What you will do
Please return each entry that follows exactly as given, but without pictures.
• • • •
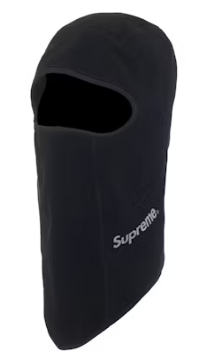 Supreme Marmot Fleece Balaclava Black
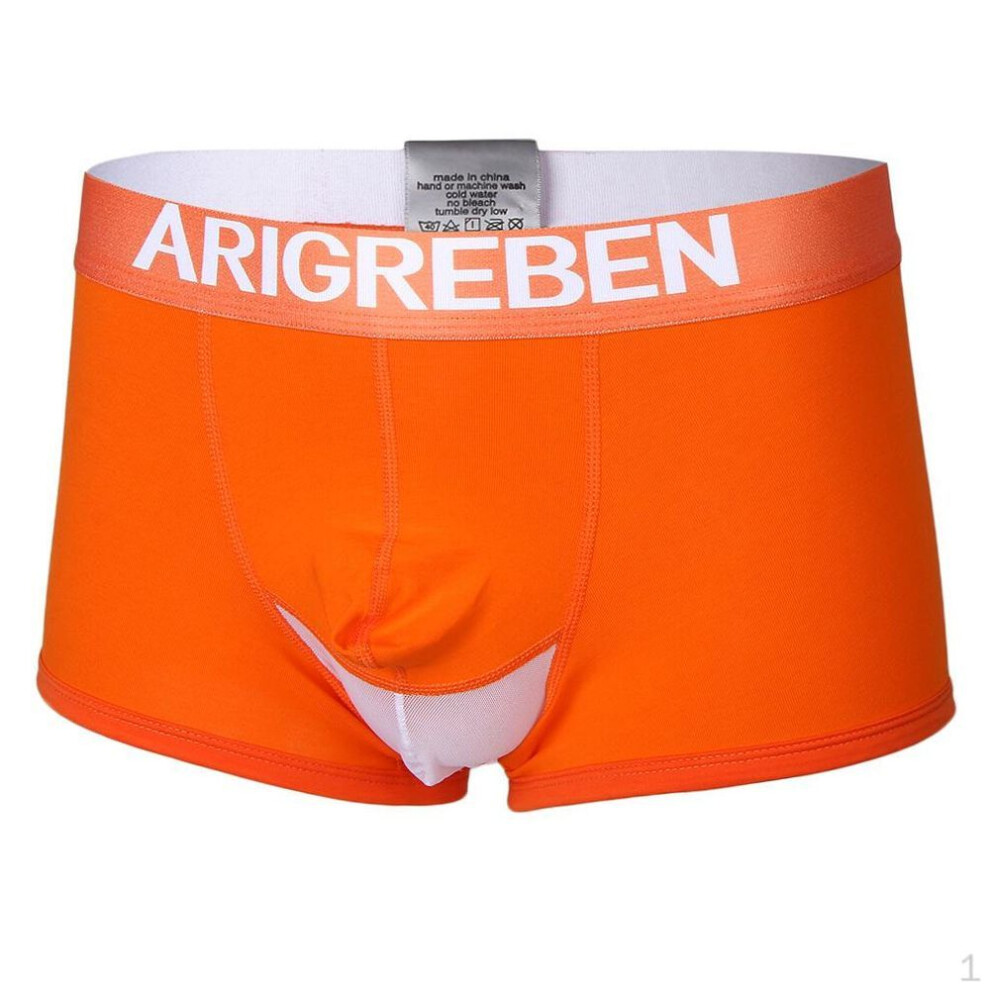 (XL, orange) Fashion Men'
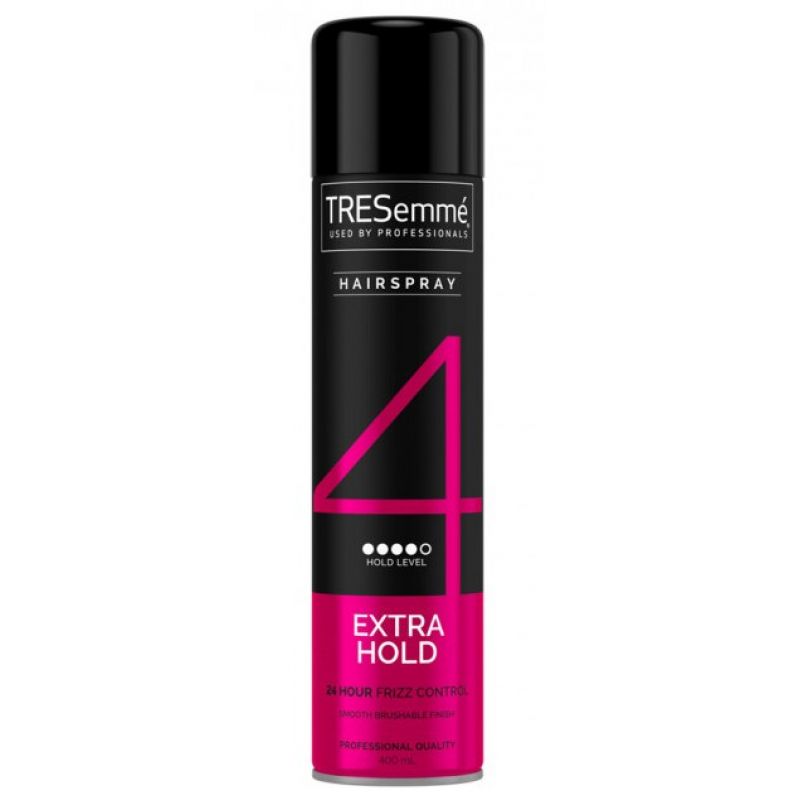 TRESEMME Лак для волосся Екстрасильної Фіксації 4 EXTRA HOLD, 400мл TRESEMME Лак для волосся Екстрасильної Фіксації 4 EXTRA HOLD, 400мл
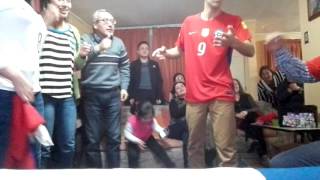 Reacción penales Chile vs Argentina  Copa América Centenario [upl. by Lyreb]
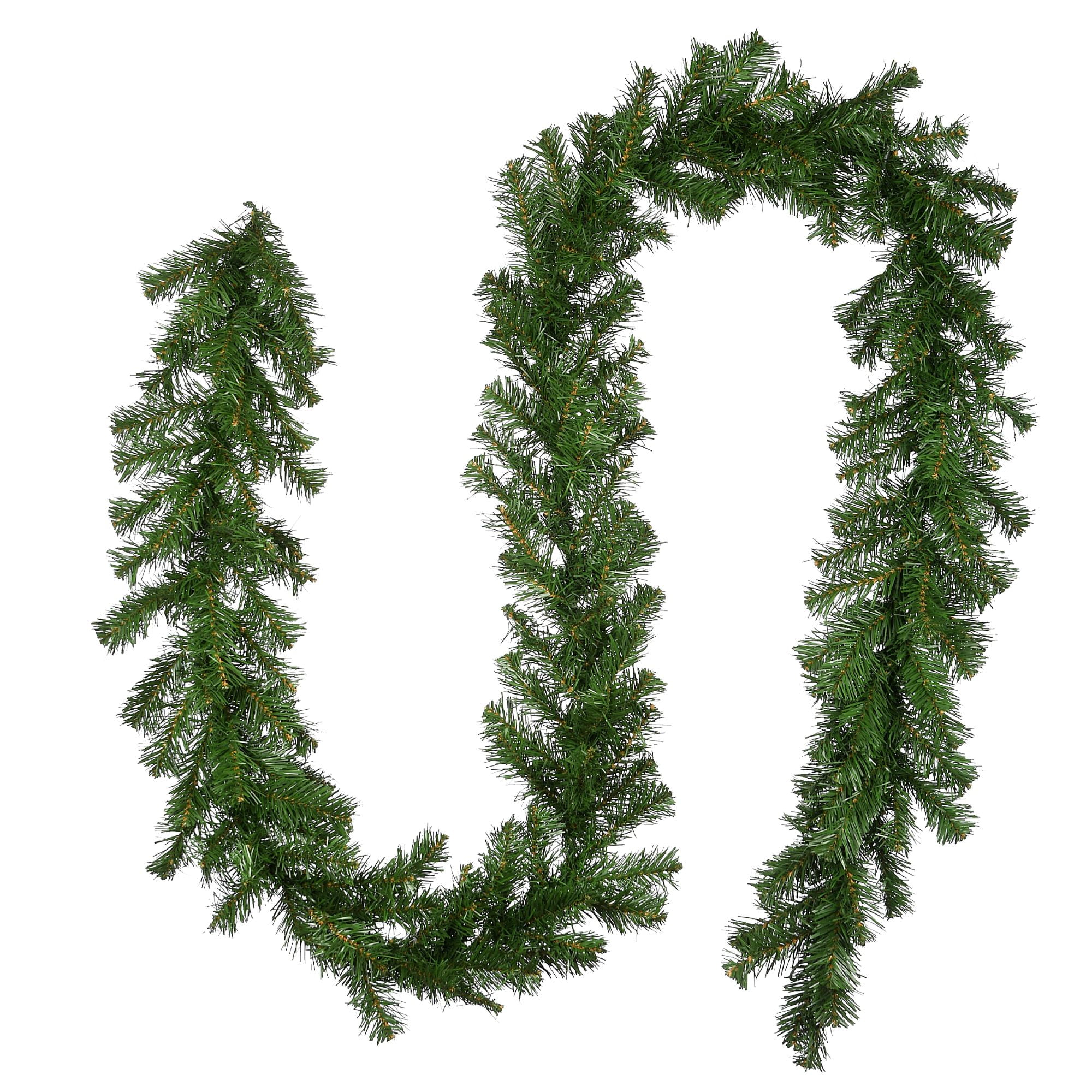 9' x 10” Kincaid Spruce Artificial Christmas Garland Unlit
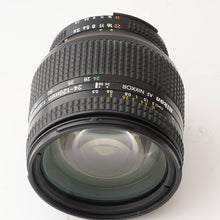 画像をギャラリービューアに読み込む, ニコン Nikon AF Nikkor 24-120mm F3.5-5.6 D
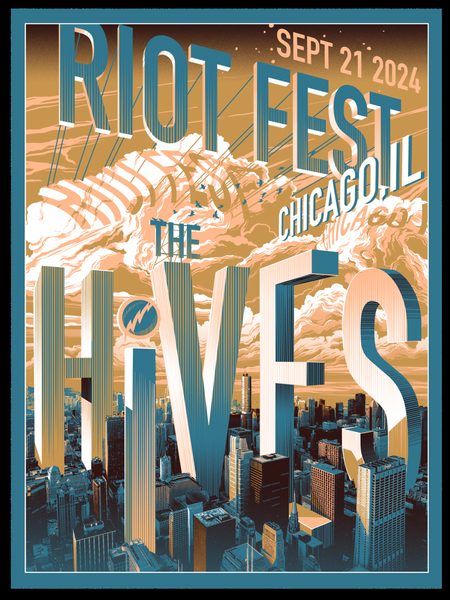 THE HIVES - RIOT FEST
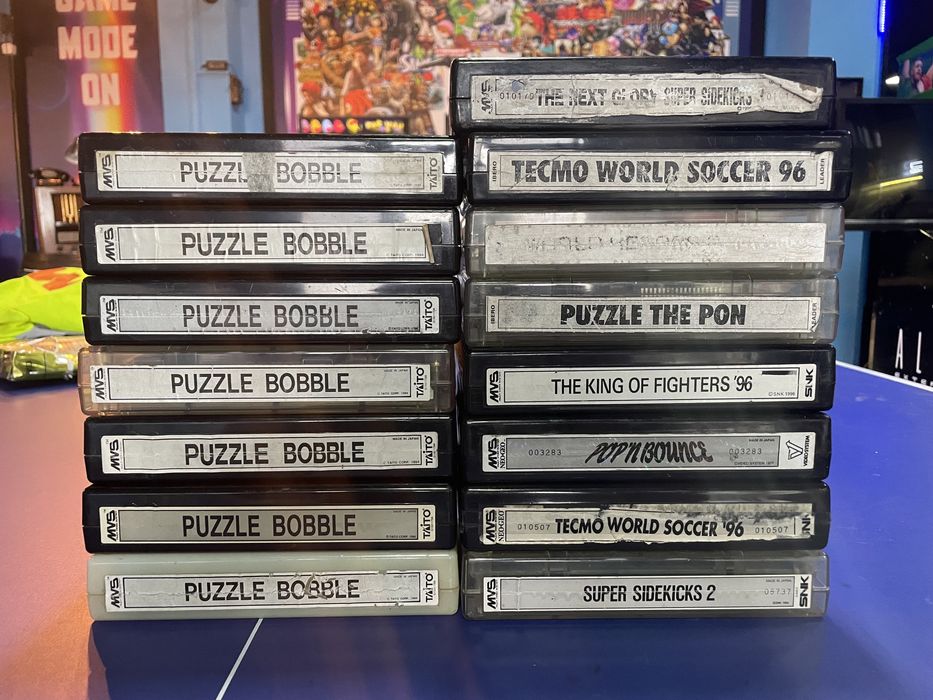 Mvs Neo Geo cartuchos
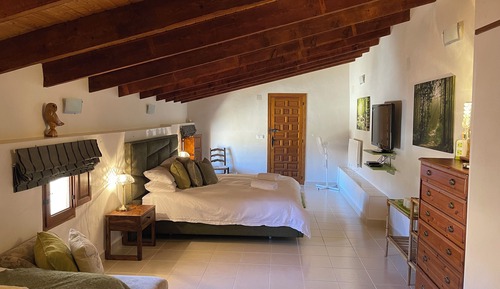 Superior Triple Room, Courtyard View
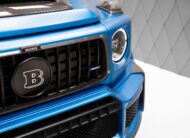 Mercedes-Benz G 63 AMG 2025 BRABUS G 800 MATT BLUE / BEIGE SUV/SUV/Pickup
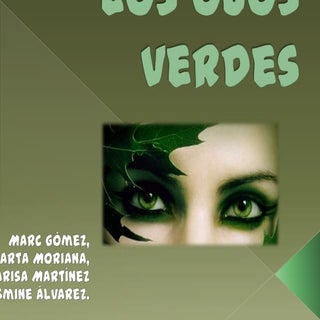 Los ojos verdes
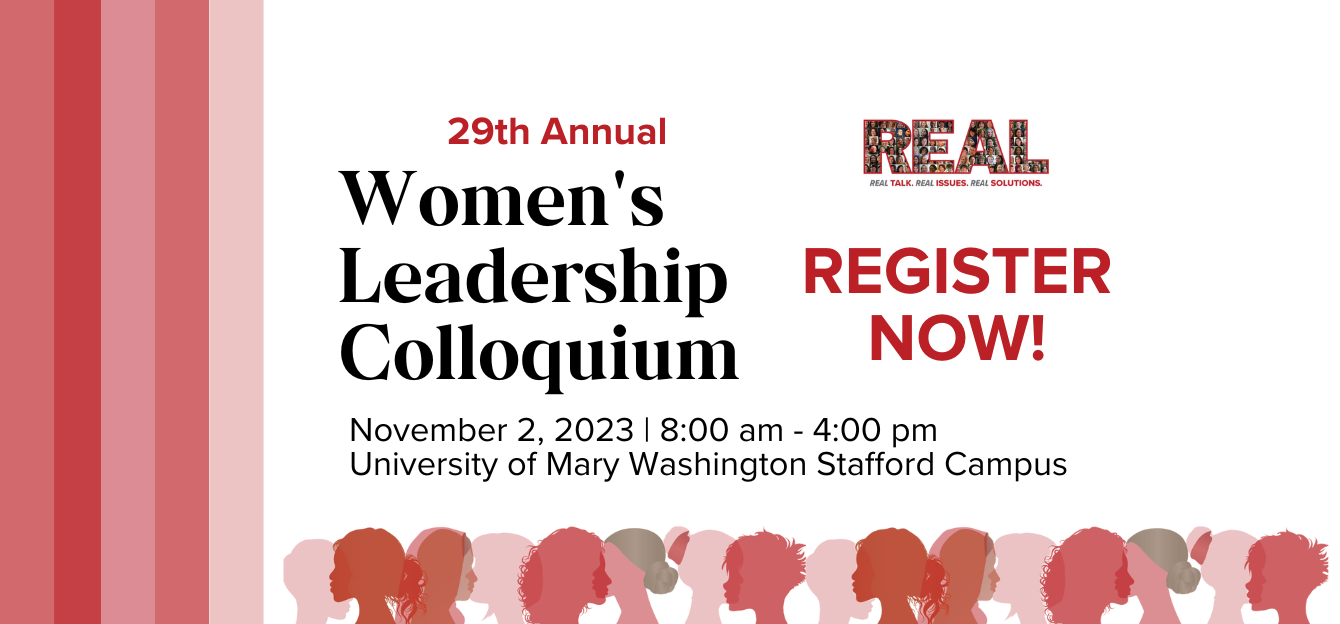 29th Annual Women’s Leadership Colloquium @ UMW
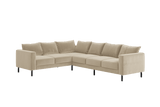 Sabai Design · The Essential Corner Sectional (6 Seat) in Recycled Velvet | socius design in Rochester, MN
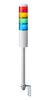 PATLITE LR6-402L8BK-RYGB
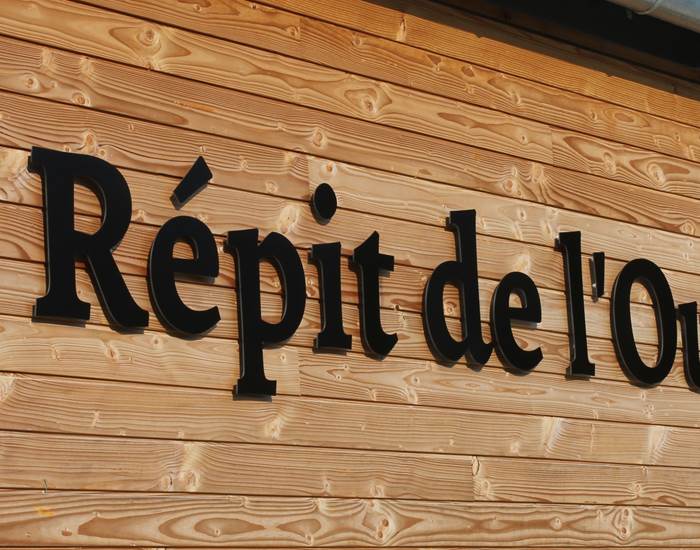 Le Répit de l'Oust - Logo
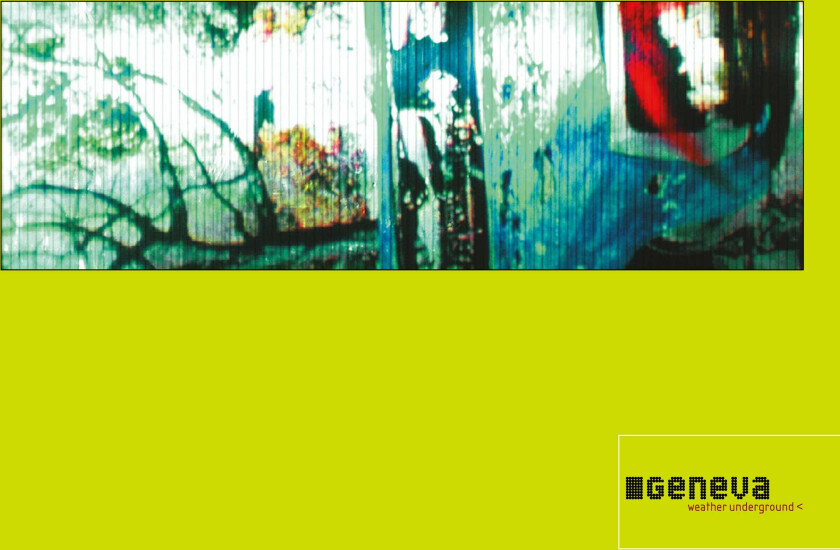 Geneva Weather Underground LP/Vinyl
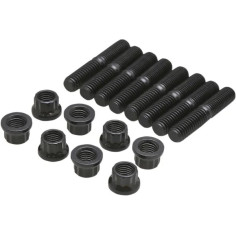Rocker Arm Shaft Stud & Nut Kit Black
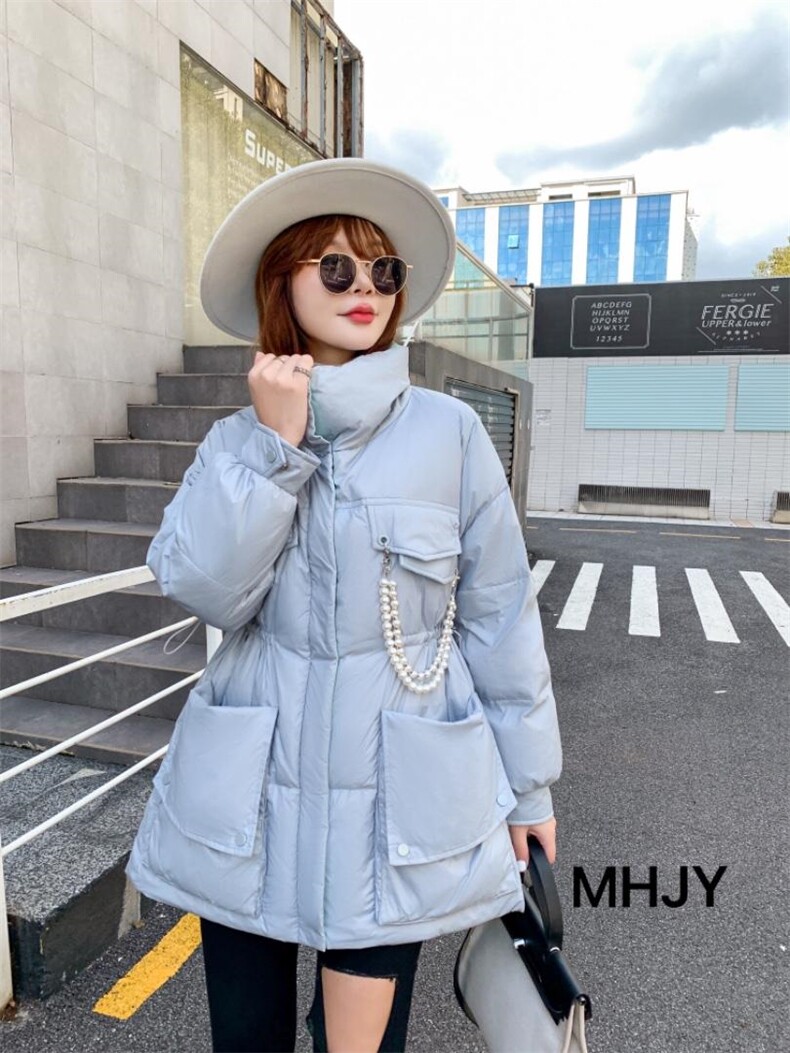 2021#冬季羽绒服，女装羽绒服，美合佳彦
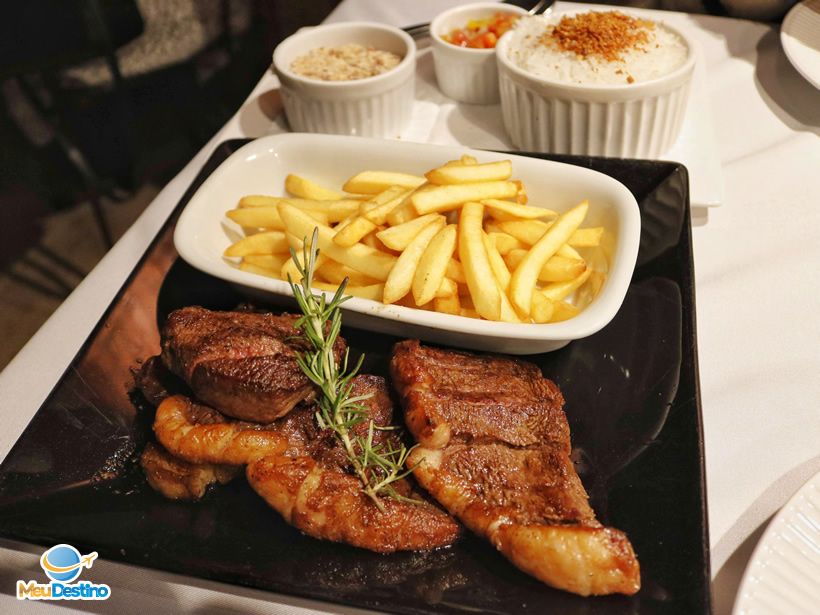 Restaurante Taberna - Onde comer em Lavras Novas-MG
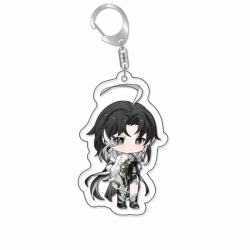 Mingchao Anime Acrylic Keychai...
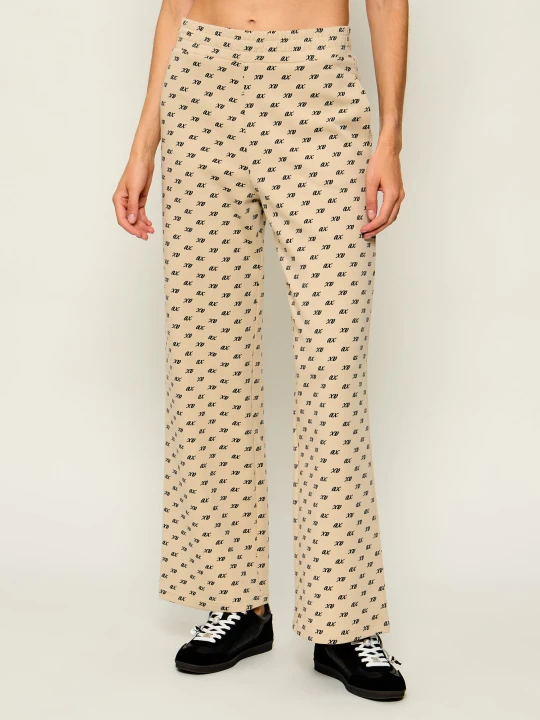 Zdjęcie produktu Armani Exchange Spodnie dresowe | Loose fit beżowy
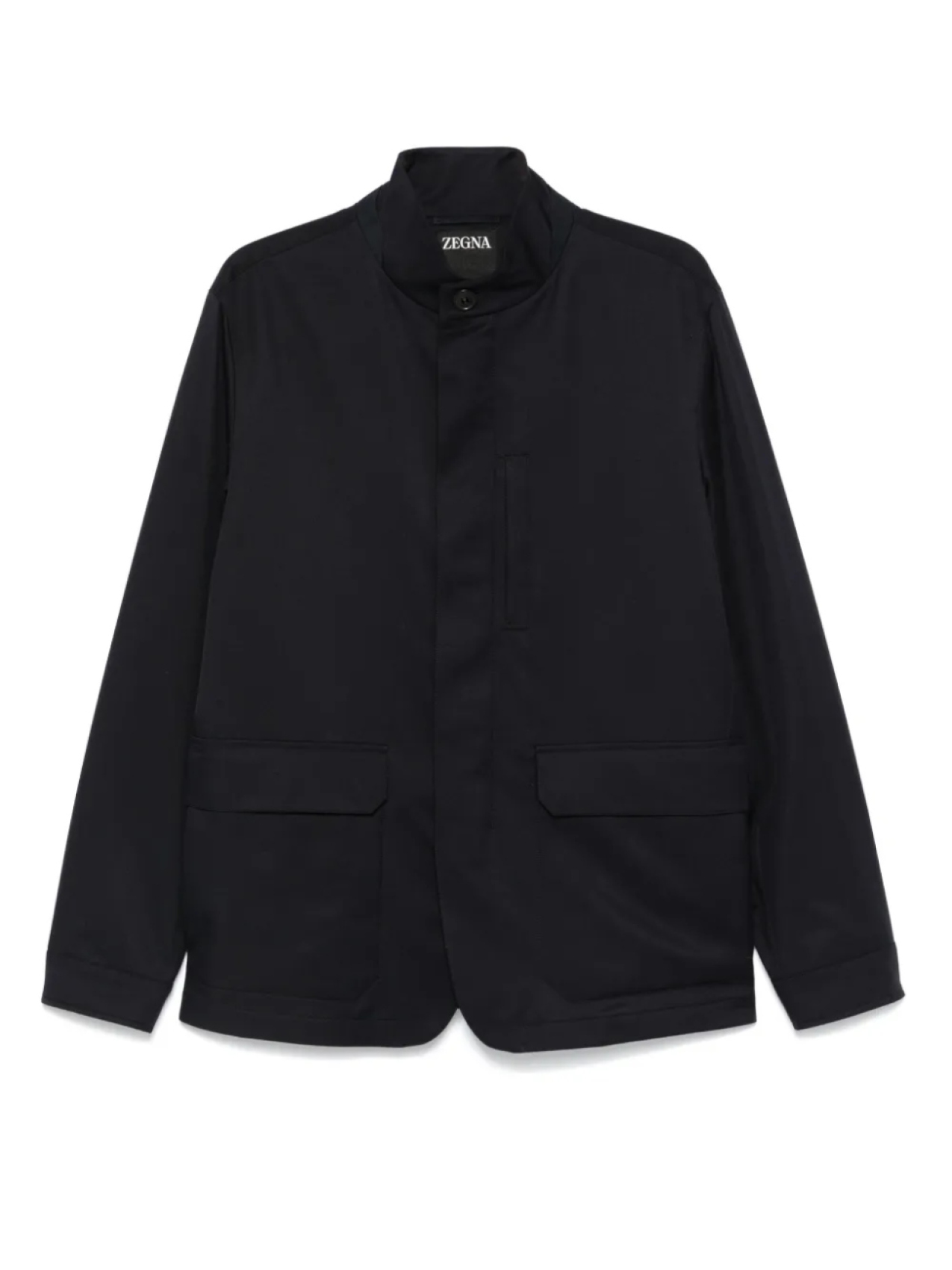 

Водоотталкивающая куртка Zegna, синий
• • • •
Answer for this exercise
 Supreme Marmot Fleece Balaclava Black
 (XL, orange) Fashion Men'
 TRESEMME Лак для волосся Екстрасильної Фіксації 4 EXTRA HOLD, 400мл TRESEMME Лак для волосся Екстрасильної Фіксації 4 EXTRA HOLD, 400мл
 Reacción penales Chile vs Argentina  Copa América Centenario [upl. by Lyreb]
 9' x 10” Kincaid Spruce Artificial Christmas Garland Unlit
 画像をギャラリービューアに読み込む, ニコン Nikon AF Nikkor 24-120mm F3.5-5.6 D
 THE HIVES - RIOT FEST
 Mvs Neo Geo cartuchos
 Superior Triple Room, Courtyard View
 Mercedes-Benz G 63 AMG 2025 BRABUS G 800 MATT BLUE / BEIGE SUV/SUV/Pickup
 Los ojos verdes
 29th Annual Women’s Leadership Colloquium @ UMW
 Sabai Design · The Essential Corner Sectional (6 Seat) in Recycled Velvet | socius design in Rochester, MN
 PATLITE LR6-402L8BK-RYGB
 Le Répit de l'Oust - Logo
 Geneva Weather Underground LP/Vinyl
Rocker Arm Shaft Stud & Nut Kit Black
 2021#冬季羽绒服，女装羽绒服，美合佳彦
 Restaurante Taberna - Onde comer em Lavras Novas-MG
 Mingchao Anime Acrylic Keychai...
 Zdjęcie produktu Armani Exchange Spodnie dresowe | Loose fit beżowy

Водоотталкивающая куртка Zegna, синий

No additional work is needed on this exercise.